Juan Sanchez In theory, the concept "community development finance" suggests a broad set of activities that usually includes innovative, flexible financial products designed to channel investments into disadvantaged communities where markets don't function well on their own.

How the concept plays out in practice varies widely depending on the needs of the community and the resources available. Some practitioners view community development finance through a lens of affordable housing, while others think more in terms of small business enterprise development. But regardless of the perspective, development and finance organizations must join forces to address risks and challenges.

One of the most important things I've learned in my years of community development experience is that the risks and challenges differ—sometimes greatly—even among similar deals. It is therefore extremely important to understand the potential problems and benefits of a particular project when approaching finance. A combination of financing products that complement each other helps to mitigate the level of risk and improve the long term viability of each project.

Renewing brownfield sites seems to be one of the most challenging community development activities. According to the Environmental Protection Agency (EPA), a brownfield is 'real property, the expansion, redevelopment, or reuse of which may be complicated by the presence or potential presence of a hazardous substance, pollutant, or contaminant.' The U.S. has approximately 450,000 brownfields, many of which are located in or near industrial parks.

The large number of sites and the potential for redevelopment present financial institutions with great opportunities. But banks must be acutely aware of the immediate and inherent risks associated with these types of deals. In addition to applying standard bank underwriting principles such as analysis of cash flow, debt service coverage and maximum loan-to-value guidelines, lenders must also address nontraditional factors to mitigate the level of risk of each brownfield project.

When using different layers of financing, it is important to understand the guidelines of each product including terms, conditions and limitations of guarantee. It is also critical to determine the level and class of contaminants found in a specific site through site and/or soil sample assessments prior to consummating a deal. Furthermore, lenders should mitigate their liability by complying with specific criteria that protect them from the Comprehensive Environmental Response, Compensation, and Liability Act (CERCLA).

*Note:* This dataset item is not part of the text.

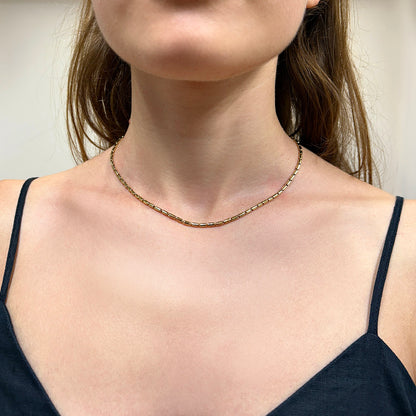 Real 14K Gold 2.2mm High Polished Tubular Bar Chain Necklace 16"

The EPA has taken a proactive role to inform lenders of the steps required to establish exemption from CERCLA liability. The Federal Reserve Bank of Atlanta recently held a forum with the EPA and industry professionals in our New Orleans Branch to help educate the local banking community. Other forums of this type are planned throughout the country.

The Atlanta Fed encourages financial institutions to participate in such training programs to gain a deeper understanding of both the opportunities and the complexities associated with unique community development finance deals. This type of training will enable banks to set up strong programs that ensure proper due diligence in assessing and mitigating lender risk.